I bought this beautiful pattern when my third child was still a twinkle in daddy’s eye. By then, I had stopped hoping for a daughter, but I still couldn’t resist. I had vague hopes that one day I might have a little granddaughter to knit for. Last July, when we found out we were having a girl, this sweater (and some Heather Ross unicorn fabric) was the very first thing I wanted for her. The project was troublesome from the beginning. I had fallen in love with the original yarn, but it was impossible to find. For a month or two, I searched every yarn store I could find for something else. Either the gauge was wrong or the pink wasn’t pretty. So I settled for something that I didn’t love and tried not to think to hard about it. I swatched carefully, checked my gauge and began. Several inches in, something seemed off so I measured. My knitting was off! It would never fit a baby. I was frustrated, disappointed and I’m not ashamed to say I cried. I was pregnant after all. I swore off knitting.

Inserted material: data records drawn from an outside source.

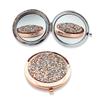 Miroir Compact Voyage Exquis Outils de Maquillage Rond Portable Pliant Miroir de Maquillage à Mettre dans la Poche Miroir Double Face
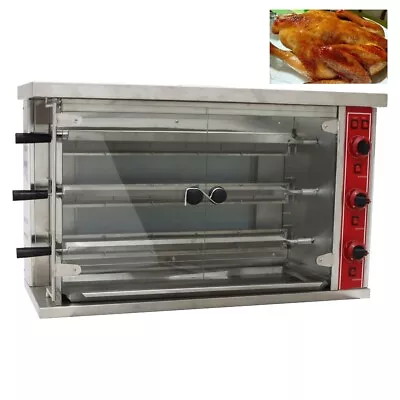 Gas Chicken Rotisserie Machine Vertical Gas Rotary Chicken Oven 3 Rollers 110V • $1614.05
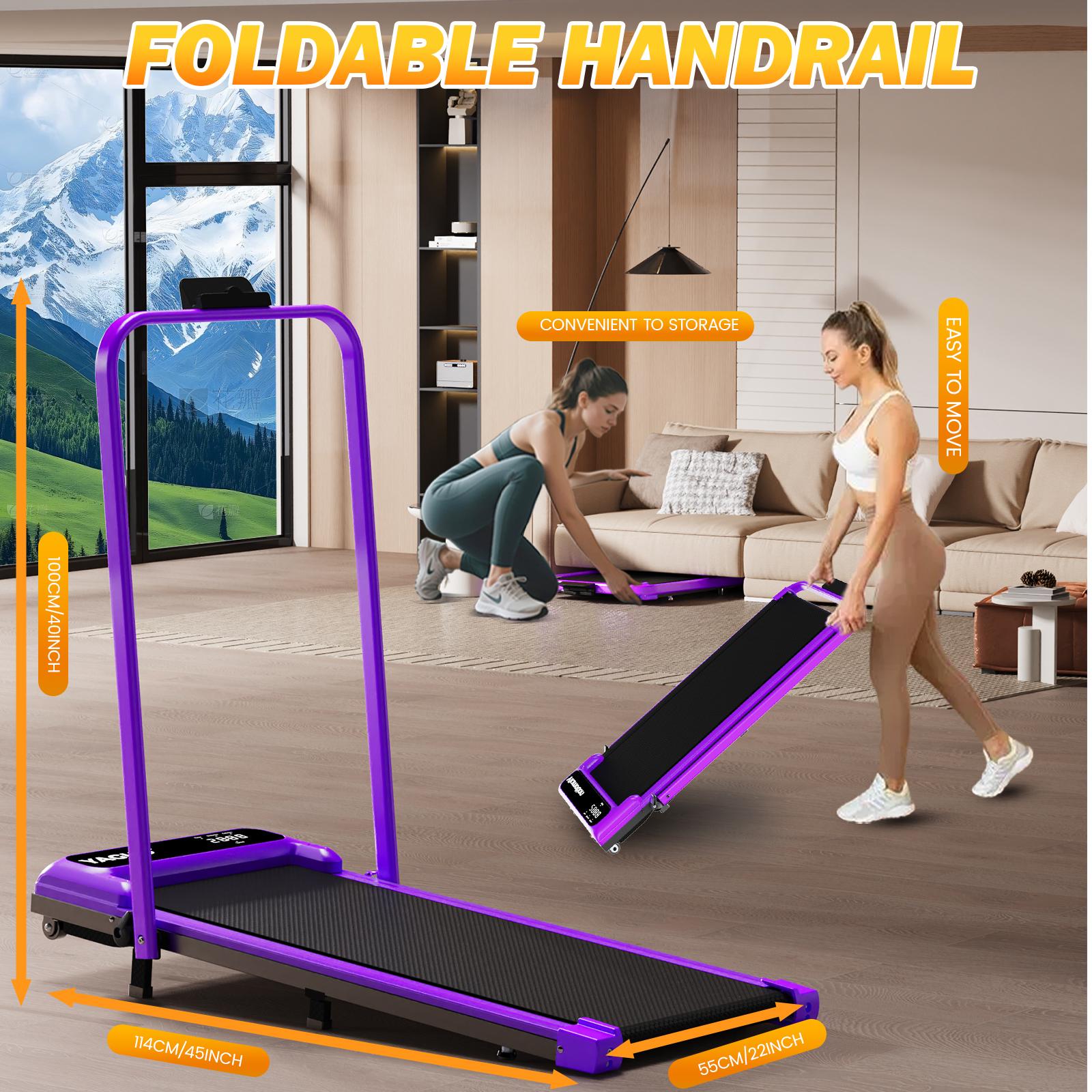 YAGUD Colorful Handrail Folding Treadmill, Quiet Motor Walking Pad, 300lbs Max Load, Shock Absorption, Remote Control, Easy Transport, Includes Resistance Bandsuts YAGUD Colorful Handrail Folding Treadmill, Quiet Motor Walking Pad, 300lbs Max Load, Shock Absorption, Remote Control, Easy Transport, Includes Resistance Bandsuts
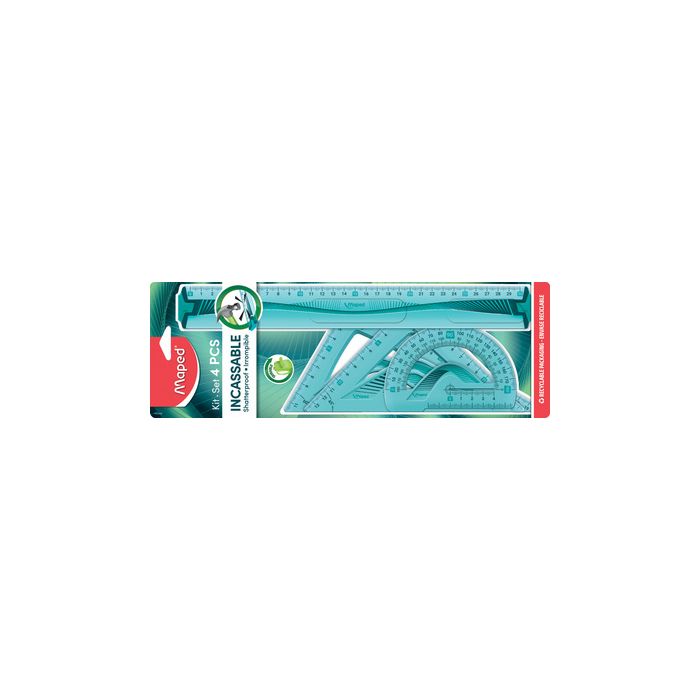 Maped Grand kit de géometrie Flex, incassable, 4 pièces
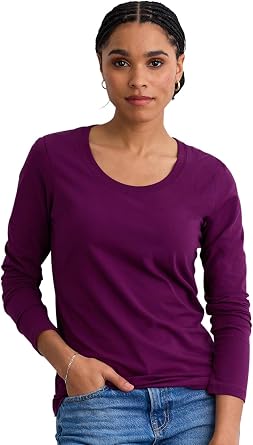 Fair Indigo Womens Organic Pima Cotton Long Sleeve Scoop Neck Tee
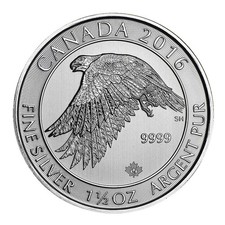 2016 $8 Canadian Silver 1.5 Troy oz White Falcon .9999 Fine picture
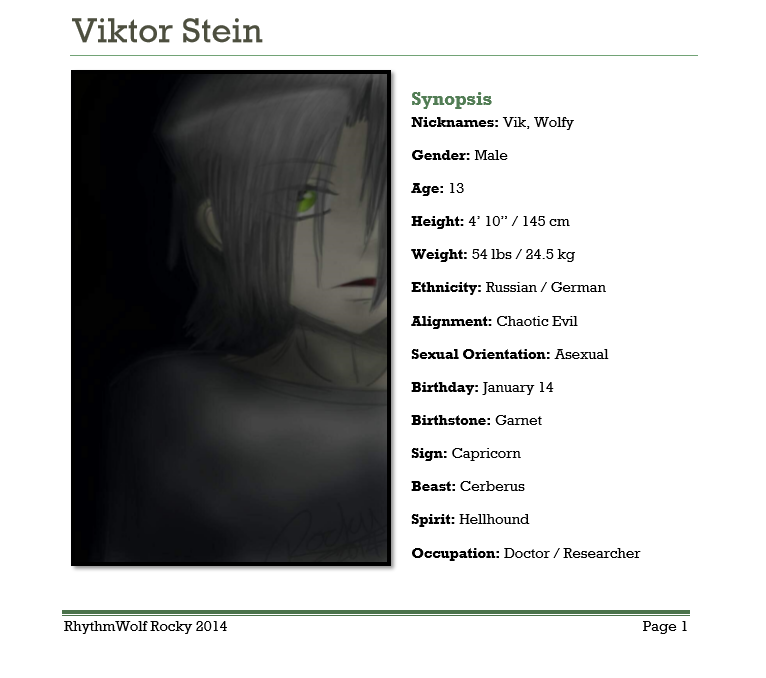 Viktor Stein - Basic Character Sheet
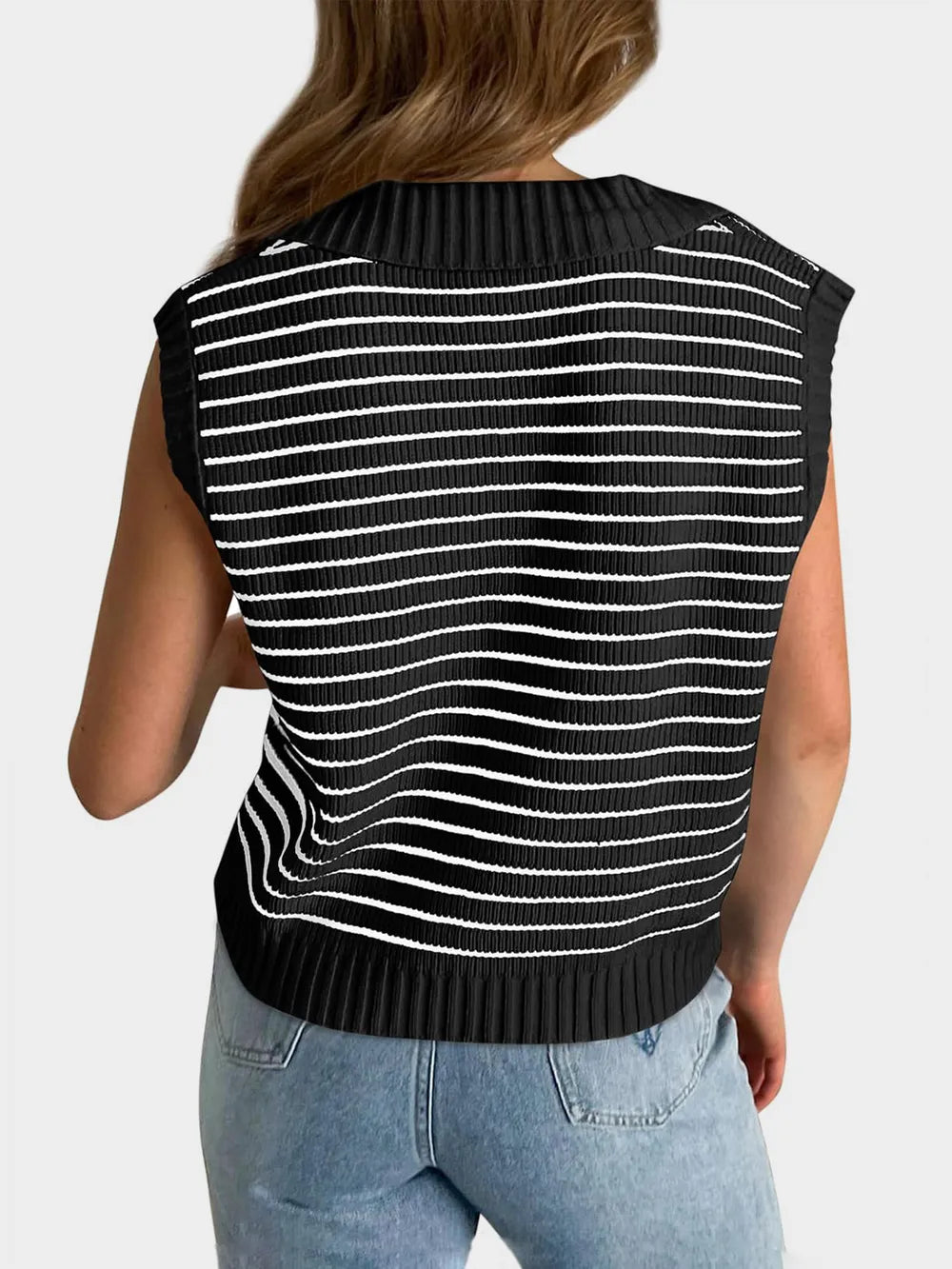Collared Neck Striped Sweater Vest (6)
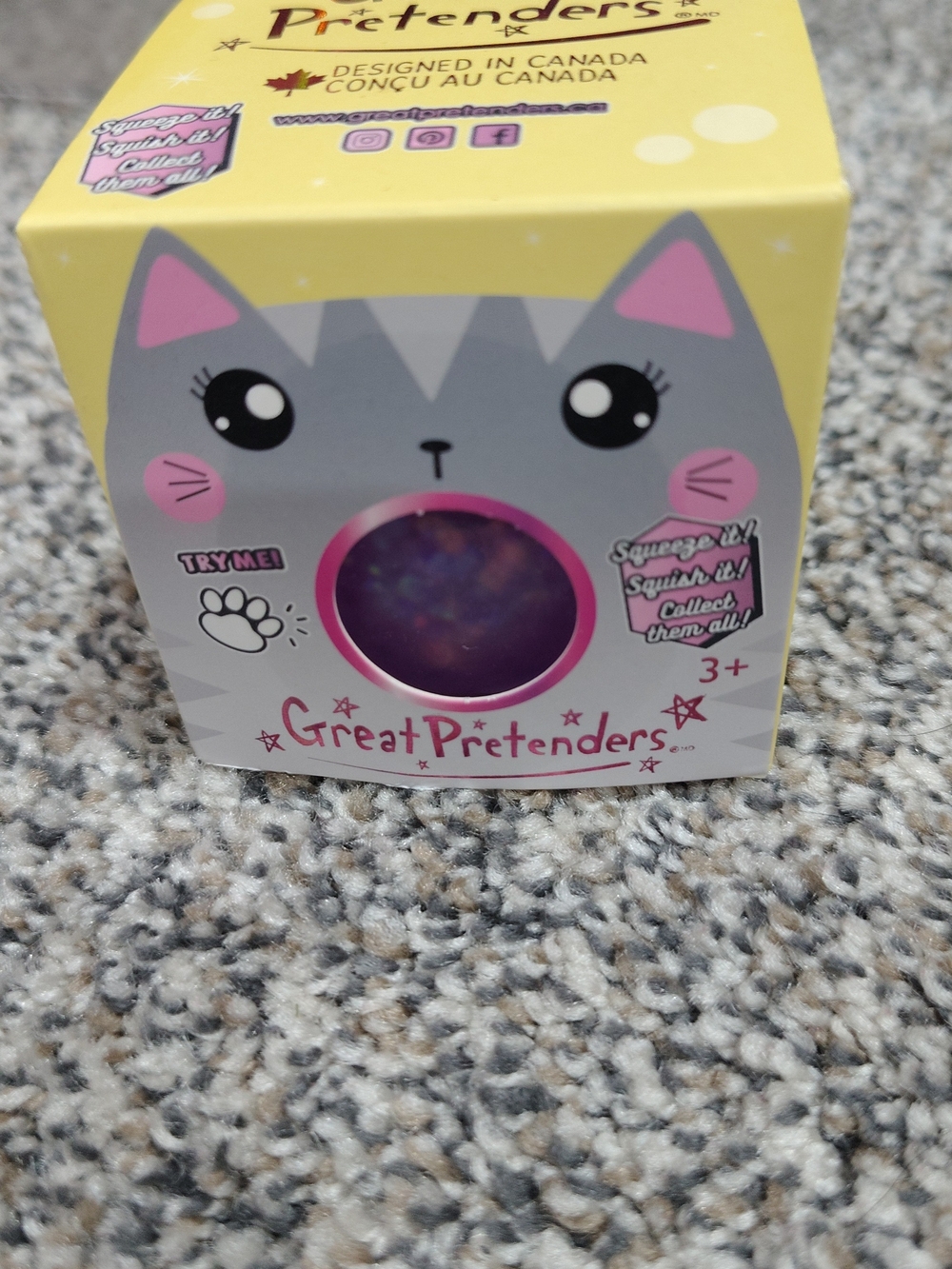 Great Pretenders Cat Squishy Sensory Toy - Yellow & Gray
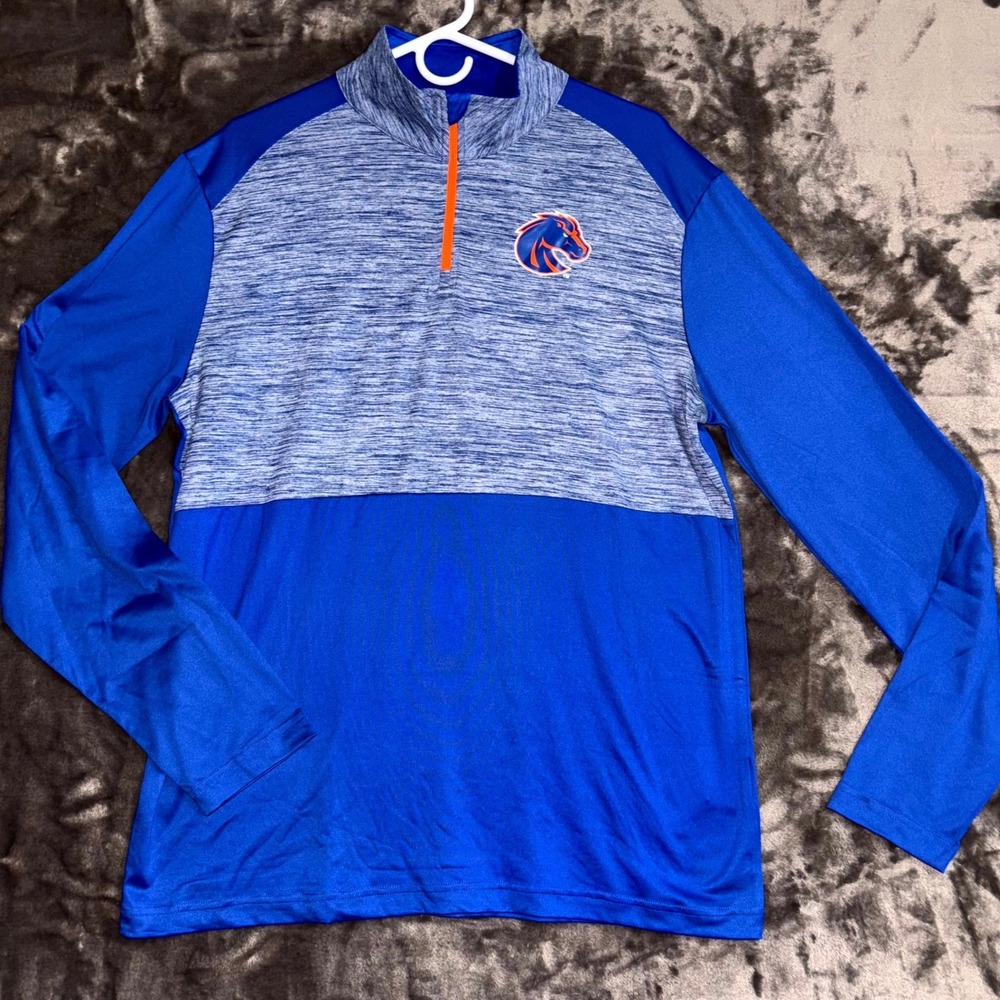 Boise State Broncos Shirt Mens Large Blue Captivating Football Team NCAA 1/4 Zip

But my baby girl needed a pink sweater. I had dreamt of knitting little pink things for five long years and not coming home in the perfect pink sweater simply wasn’t an option. So I turned to a project undertaken by legions of knitters. A project that every knitter should have in her repertoire – the infamous Elizabeth Zimmerman February Baby sweater. I figured so many people couldn’t be wrong about a sweater. They are. That story is one of toil, desperation though ultimately triumph. Maybe I’ll tell it one day when it hurts less. If you plan to make that pilgrimage yourself, I recommend you read my Ravelry notes. After surviving EZ and her pithy bullshit, I vowed to never pick up a pattern again without good research and some kind of reasonable hope that it actually works. So I ordered a pattern and yarn based on an article on the Purl Bee that featured absolutely reliable baby sweater patterns – even though the pattern gauge didn’t match the the yarn’s own recommended gauge. The yarn arrived just as I brought baby home from the hospital and I swatched right away. But I really didn’t like the way the Koigu felt at all on a large needle. It was very airy and it just didn’t seem like it would look at all nice with the leaf yoked sweater. Again, I cried and swore off knitting.
And then, one beautiful day – one clear and sunny wonderful day! – I realized that the Koigu was the same gauge as the Louisa cardigan. The really lovely little thing I wanted from the beginning anyway! I remember that sunbeams actually broke through the clouds at that moment and a heavenly chorus burst into song. I quickly swatched the Koigu at the recommended gauge and it was perfect. The drape and feel of the knitted fabric at its proper gauge was soft and wonderful. Something felt promising this time. I crossed my fingers, held my breath and cast on. Several inches in, I checked my gauge and it was still correct! I check the finished measurements and they were still correct! It was working and it looked lovely and the yarn felt so nice under my fingers. I happily knit away. In fact, it came together so much faster than I anticipated, that I put it aside for a while and quickly knit up a little gray ruffled shrug to get her through the winter. I went back and finished off the last few rows not long ago, did the picot turn and sewed it all up.
There was an error in the pattern (skip the wyif when you work the slip stitch pattern) and I did make a mistake or two that required ripping out and re-kintting, but all in all it came together nicely. When a project works out like this – a joy to knit, a beautiful finished piece – it’s heavenly. It’s also dangerous. This is when you are at risk for buying more yarn. And you might not stop at yarn for just one sweater, either. In your cockiness, you’ll buy yarn for two or even three sweaters, thinking, “that one went so well, I could just turn out a few more things.” You can’t and you mustn’t try. Haven’t you noticed that the Lady Kina is still in my project queue?
What’s complicated about knitting isn’t fancy stitches. It’s that it simply isn’t always possible to tell which patterns will work and which won’t. It’s not always easy to know which yarns will be appropriate and which won’t. And mistakes can be very difficult – and often downright impossible – to fix. I have yet to come across a sewing mistake that can’t be fixed somehow. Knitting projects end up half-made in boxes in the attic, the closet, under the bed or hidden under the floorboards in shame. That yarn will never get used for another project. Something happens to yarn that has failed to work up. It’s tainted. It’s cursed or maybe even possessed.
This post has gotten away from me. I don’t mean to be humorous. I tried, in fact, to find a literary way to write about this beautiful sweater that I really really love. It seems impossible to write seriously about knitting. A little sarcasm (and quite a few drinks) is needed to take the edge off. Otherwise, the ordeal of how my precious long awaited baby girl very nearly didn’t have a precious little pink hand knit sweater to come home in would be too painful to relate. If you aren’t a knitter and have stuck with all of this, you’re wondering why we would put ourselves through all this trauma. To that, I have only one thing to say: how seriously gorgeous is this tiny pink sweater?